Tras ser interrogado al respecto por mi amiga Lucía, nos aclaró que sí lo era.
“Mi familia materna está asentada en esta región desde siempre. No así la paterna que vino de fuera. Mi abuela era asturiana y mi abuelo zamorano.
Como estaba comunicativo, siguió contándonos que fueron su abuela paterna y la hermana soltera de ésta quienes crearon el patrimonio familiar.
Cuando llegaron a Sevilla, se dedicaron al servicio doméstico. Trabajaron duro y, como ambas eran emprendedoras, primero alquilaron tierras de labor donde pusieron a trabajar al marido y a los hijos, y luego las compraron, de forma que a la vuelta de unos años eran dueñas o arrendatarias de varias fincas rústicas y urbanas en un pueblo de la provincia.
Arturo nos explicó que la primera generación acumula la riqueza con su sudor y su empeño. La segunda la mantiene. A la tercera, que era la suya, le corresponde la irresponsabilidad de dilapidar los bienes.
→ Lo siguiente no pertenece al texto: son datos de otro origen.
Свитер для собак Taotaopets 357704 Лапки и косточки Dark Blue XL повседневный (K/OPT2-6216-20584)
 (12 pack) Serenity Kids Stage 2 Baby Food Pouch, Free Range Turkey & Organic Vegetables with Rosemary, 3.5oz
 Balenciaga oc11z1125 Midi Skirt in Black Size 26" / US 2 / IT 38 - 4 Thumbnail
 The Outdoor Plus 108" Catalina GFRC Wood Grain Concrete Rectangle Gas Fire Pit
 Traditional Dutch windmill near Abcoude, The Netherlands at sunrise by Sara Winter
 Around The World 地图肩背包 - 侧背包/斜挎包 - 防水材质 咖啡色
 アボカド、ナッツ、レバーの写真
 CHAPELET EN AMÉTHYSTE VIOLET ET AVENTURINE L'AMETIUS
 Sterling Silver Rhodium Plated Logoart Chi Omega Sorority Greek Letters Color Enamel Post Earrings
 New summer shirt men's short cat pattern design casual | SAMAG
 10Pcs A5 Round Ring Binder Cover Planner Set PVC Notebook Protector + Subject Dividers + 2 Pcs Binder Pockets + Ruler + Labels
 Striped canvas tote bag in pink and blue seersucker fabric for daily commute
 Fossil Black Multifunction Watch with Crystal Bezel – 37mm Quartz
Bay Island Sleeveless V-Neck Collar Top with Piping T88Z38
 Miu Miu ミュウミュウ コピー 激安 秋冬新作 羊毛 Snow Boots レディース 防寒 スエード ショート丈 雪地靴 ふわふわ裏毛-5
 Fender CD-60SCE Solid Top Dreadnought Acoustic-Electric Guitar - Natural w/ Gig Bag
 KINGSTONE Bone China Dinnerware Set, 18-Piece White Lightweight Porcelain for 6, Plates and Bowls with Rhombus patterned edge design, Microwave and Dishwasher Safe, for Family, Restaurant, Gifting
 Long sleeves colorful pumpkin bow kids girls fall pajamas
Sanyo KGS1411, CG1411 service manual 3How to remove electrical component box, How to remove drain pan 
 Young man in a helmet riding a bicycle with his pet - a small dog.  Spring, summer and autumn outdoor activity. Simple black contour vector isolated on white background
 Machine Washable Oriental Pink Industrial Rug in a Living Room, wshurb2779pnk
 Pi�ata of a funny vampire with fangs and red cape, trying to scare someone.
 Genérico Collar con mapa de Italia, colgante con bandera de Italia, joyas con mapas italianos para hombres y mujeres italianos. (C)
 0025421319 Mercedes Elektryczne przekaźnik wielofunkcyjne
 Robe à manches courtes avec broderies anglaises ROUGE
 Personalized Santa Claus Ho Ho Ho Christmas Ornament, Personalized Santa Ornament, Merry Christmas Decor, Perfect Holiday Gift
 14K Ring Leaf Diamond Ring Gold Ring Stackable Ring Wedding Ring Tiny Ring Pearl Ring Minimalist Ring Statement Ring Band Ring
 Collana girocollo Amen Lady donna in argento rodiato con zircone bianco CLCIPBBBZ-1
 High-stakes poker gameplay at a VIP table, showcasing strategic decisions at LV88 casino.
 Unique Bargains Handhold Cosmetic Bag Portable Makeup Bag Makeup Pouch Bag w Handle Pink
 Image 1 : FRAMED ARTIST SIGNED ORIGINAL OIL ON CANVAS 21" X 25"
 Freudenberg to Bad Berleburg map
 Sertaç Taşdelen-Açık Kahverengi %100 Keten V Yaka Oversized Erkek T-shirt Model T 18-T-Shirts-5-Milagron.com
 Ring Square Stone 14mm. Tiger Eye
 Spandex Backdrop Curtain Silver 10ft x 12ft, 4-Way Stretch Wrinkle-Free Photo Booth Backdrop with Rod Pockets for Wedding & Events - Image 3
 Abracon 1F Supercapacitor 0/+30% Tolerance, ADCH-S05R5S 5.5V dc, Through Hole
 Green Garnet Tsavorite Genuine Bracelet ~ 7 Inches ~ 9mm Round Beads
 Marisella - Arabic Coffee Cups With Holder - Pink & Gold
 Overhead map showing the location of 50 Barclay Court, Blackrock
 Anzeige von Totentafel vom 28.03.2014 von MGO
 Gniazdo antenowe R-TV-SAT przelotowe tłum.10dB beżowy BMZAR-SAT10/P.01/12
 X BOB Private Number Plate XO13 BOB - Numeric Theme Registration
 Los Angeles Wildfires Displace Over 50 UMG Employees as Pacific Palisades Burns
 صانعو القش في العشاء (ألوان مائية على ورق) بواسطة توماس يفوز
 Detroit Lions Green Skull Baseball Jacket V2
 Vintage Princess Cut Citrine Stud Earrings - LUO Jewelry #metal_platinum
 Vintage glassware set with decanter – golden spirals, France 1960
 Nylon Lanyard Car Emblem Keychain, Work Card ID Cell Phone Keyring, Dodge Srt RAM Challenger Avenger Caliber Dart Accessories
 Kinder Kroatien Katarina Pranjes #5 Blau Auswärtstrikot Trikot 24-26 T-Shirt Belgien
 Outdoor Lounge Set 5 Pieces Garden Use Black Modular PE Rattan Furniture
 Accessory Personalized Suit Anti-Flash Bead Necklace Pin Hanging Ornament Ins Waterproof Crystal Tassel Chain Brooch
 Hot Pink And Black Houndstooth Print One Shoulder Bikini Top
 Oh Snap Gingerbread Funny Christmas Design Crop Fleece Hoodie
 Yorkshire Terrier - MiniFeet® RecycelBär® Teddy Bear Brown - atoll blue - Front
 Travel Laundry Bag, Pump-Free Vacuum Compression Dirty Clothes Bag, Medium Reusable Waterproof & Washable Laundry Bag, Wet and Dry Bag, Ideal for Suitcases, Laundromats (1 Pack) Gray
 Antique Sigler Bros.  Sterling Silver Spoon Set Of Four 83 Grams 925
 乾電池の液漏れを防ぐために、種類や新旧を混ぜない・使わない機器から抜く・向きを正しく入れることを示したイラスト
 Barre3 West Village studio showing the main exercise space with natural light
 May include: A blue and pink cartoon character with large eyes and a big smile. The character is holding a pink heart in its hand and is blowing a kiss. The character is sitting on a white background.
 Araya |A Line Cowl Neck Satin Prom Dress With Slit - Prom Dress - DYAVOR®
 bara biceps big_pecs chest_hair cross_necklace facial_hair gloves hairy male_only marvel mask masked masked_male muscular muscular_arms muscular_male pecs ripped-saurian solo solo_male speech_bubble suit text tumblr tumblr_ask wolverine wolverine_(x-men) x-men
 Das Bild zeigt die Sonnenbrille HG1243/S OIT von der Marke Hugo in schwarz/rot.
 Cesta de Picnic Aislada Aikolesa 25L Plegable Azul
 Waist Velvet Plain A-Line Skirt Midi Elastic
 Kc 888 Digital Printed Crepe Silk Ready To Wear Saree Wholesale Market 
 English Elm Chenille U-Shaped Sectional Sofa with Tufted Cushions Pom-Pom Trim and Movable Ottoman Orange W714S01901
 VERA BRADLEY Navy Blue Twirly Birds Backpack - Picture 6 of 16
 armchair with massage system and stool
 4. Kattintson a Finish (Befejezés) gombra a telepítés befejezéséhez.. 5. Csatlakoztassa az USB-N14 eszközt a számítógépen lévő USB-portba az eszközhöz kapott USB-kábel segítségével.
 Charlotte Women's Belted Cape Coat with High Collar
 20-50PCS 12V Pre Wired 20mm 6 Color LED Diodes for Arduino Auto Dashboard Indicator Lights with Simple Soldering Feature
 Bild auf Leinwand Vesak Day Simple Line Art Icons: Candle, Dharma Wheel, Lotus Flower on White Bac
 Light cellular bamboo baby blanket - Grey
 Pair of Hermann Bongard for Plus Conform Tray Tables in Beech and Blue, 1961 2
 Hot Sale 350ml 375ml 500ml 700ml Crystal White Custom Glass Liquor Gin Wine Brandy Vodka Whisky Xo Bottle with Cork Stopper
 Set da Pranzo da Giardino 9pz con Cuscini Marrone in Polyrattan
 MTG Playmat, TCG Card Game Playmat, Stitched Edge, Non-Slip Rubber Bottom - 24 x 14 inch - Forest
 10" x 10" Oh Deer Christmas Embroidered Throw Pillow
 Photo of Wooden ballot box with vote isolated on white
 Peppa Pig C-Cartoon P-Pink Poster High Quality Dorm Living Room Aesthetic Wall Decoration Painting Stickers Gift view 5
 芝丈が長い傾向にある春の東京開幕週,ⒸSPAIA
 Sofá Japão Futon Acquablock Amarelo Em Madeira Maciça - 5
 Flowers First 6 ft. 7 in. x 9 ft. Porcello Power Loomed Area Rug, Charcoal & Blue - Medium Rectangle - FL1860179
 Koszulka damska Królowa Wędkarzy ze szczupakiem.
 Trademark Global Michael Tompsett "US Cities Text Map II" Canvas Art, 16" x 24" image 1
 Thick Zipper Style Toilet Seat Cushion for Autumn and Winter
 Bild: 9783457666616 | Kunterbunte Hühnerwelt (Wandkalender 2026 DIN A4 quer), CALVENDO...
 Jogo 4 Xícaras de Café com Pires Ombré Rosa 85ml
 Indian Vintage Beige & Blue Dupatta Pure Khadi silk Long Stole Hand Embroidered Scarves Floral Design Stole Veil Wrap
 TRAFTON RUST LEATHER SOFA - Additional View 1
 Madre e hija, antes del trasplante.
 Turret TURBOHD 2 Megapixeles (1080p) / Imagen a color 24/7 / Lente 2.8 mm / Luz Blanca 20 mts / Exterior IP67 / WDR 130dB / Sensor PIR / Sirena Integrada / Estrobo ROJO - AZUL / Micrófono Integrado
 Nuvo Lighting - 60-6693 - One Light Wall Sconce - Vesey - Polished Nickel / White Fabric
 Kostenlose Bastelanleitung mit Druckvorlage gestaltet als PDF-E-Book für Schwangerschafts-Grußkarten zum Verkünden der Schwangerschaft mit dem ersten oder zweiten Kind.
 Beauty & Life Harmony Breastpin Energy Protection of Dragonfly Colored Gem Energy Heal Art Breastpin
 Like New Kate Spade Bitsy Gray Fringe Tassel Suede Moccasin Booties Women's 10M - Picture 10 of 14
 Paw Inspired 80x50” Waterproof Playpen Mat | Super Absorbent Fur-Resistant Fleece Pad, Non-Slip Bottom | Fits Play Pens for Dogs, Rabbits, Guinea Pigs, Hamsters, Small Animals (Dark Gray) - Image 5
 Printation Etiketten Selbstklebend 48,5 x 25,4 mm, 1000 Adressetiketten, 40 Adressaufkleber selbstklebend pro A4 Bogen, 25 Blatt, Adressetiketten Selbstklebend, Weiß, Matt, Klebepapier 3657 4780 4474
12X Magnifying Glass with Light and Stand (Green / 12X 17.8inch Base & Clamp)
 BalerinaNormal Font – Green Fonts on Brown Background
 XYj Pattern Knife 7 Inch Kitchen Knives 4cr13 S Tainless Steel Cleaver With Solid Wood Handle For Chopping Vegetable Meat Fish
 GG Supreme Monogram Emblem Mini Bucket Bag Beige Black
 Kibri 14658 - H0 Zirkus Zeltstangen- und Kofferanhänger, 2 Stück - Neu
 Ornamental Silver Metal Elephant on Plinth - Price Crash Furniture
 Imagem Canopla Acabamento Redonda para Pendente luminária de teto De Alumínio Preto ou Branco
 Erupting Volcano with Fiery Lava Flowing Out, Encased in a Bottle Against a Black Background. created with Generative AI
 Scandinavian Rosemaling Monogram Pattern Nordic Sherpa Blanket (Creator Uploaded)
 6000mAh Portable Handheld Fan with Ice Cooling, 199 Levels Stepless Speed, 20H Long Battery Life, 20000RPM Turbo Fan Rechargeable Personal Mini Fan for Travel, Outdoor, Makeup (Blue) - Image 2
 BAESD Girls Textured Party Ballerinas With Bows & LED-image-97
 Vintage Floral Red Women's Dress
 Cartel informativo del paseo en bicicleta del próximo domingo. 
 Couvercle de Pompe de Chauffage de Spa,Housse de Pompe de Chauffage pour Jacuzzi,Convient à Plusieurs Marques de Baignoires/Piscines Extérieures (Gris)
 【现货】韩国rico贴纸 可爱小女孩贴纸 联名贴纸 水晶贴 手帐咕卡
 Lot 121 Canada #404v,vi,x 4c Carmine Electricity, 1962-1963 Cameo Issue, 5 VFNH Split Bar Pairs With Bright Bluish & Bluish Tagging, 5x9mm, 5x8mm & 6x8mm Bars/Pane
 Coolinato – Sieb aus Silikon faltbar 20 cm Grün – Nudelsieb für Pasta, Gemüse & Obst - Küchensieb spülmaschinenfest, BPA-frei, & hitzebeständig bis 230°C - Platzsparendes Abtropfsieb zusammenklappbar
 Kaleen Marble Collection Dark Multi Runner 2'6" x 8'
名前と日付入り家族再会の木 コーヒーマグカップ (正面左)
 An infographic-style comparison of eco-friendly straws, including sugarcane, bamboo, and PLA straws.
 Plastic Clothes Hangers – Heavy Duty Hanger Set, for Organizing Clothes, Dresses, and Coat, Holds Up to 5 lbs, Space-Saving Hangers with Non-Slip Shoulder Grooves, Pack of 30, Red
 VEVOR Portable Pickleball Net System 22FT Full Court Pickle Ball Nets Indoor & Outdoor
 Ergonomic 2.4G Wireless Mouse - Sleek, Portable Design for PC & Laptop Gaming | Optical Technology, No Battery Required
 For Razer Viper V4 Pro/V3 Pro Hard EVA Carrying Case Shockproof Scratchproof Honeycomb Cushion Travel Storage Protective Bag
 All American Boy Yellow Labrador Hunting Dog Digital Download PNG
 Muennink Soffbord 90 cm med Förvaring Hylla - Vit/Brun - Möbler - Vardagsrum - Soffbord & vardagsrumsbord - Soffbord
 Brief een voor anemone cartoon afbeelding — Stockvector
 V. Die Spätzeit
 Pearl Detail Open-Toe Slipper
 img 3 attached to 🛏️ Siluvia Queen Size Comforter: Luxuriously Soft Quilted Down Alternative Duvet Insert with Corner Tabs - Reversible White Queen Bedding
La tercera generación se despreocupa y malbarata. Y no es raro que acabe viéndose, como suele decirse, con una mano delante y otra detrás.
Los primeros hacen un gran esfuerzo. Los segundos, conocedores y beneficiarios de ese sacrificio, conservan lo recibido. Los terceros se limitan a vivir del cuento.
La cuarta generación es puesta a prueba y tiene que empezar de nuevo.
“La de tus hijos” apuntó Lucía. “Yo no tengo hijos” repuso Arturo.